Bighorns are popular, novel quarry that can provide once-in-a-lifetime hunting opportunities. For example, in Oregon, a person can only have one controlled bighorn hunting permit in their lifetime (ODFW 2003). Bighorn hunting in Arizona also occurs on a once-in-a-lifetime basis (AGFD 2011). In 2008, bighorn permits were “the most sought after hunting permits in Arizona . . . . [In that year], 9,017 individuals applied for the 93 available permits” (Wakeling 2009, 56). In 2011, one resident Montana hunter drew a bighorn tag after applying for over 20 years (French 2011). Furthermore, just the application fee for hunting bighorns can be pricy. For example, in 2011, nonresident applicants fortunate enough to draw a bighorn hunting permit in Montana had to pay a $755 fee (MFWP 2011).

hunters with Dall's sheep rams in Alaska, 1953

In addition to paying for the privilege to hunt bighorns, hunters often spend money during their hunts. Regarding the results of a 1991 bighorn hunter survey, the Oregon Department of Fish and Wildlife states: “The average length of a bighorn sheep hunting trip was 7.1 days with 3.8 days actually devoted to hunting. Estimated average variable expenditures per trip was $1,164 [$1,966.37 in 2012 dollars] per hunter, excluding purchases of durable equipment, license fee, and tag fee” (ODFW 2003, 37; USDL 2012).

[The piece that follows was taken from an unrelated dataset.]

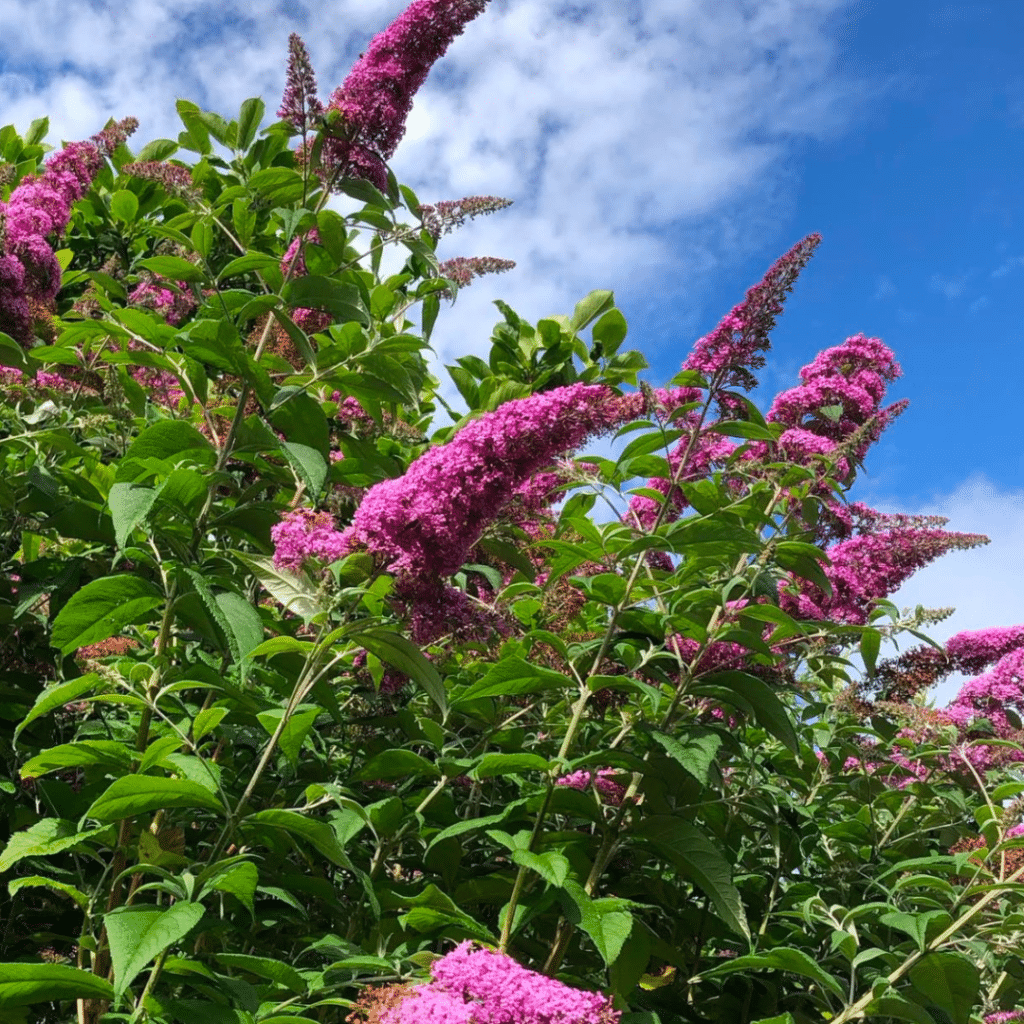 Buddleja Davidii Pink Delight (Vlinderstruik)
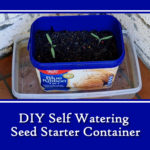 DIY Self Watering Seed Starter Containers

The Nevada Department of Wildlife explains a study they conducted on bighorn hunting economics:

“The Nevada Division published a ‘Survey of the Economic Value of Trophy Big Game and Deer Harvest’ in 1986. . . . This study queried sheep hunters about the amount of money they spent on their sheep hunts during 1984 and 1985. Costs included in this survey were guide fees, license and tag fees, fuel, equipment, lodging, food, taxidermy and miscellaneous costs such as phone calls and broken equipment. The current consumer price index was used to convert dollar values from 1986 to 2000. Based on this study and the current average days hunted, it was assumed that a total of 11 days were expended on travel, scouting, and hunting bighorn sheep. Based on these inputs, resident and nonresident hunters expended an average of $2,924 [$3,902.32 in 2012 dollars] and $10,077 [$13,448.58 in 2012 dollars] per hunt, respectively in 2000. Expanding these figures to all the 2000 bighorn sheep hunters, 159 resident hunters expended $465,000 [$620,580.57 in 2012 dollars] and 20 nonresident hunters expended $201,000 [$268,250.96 in 2012 dollars] for a total of $666,000 [$888,831.53]” (NDOW 2001).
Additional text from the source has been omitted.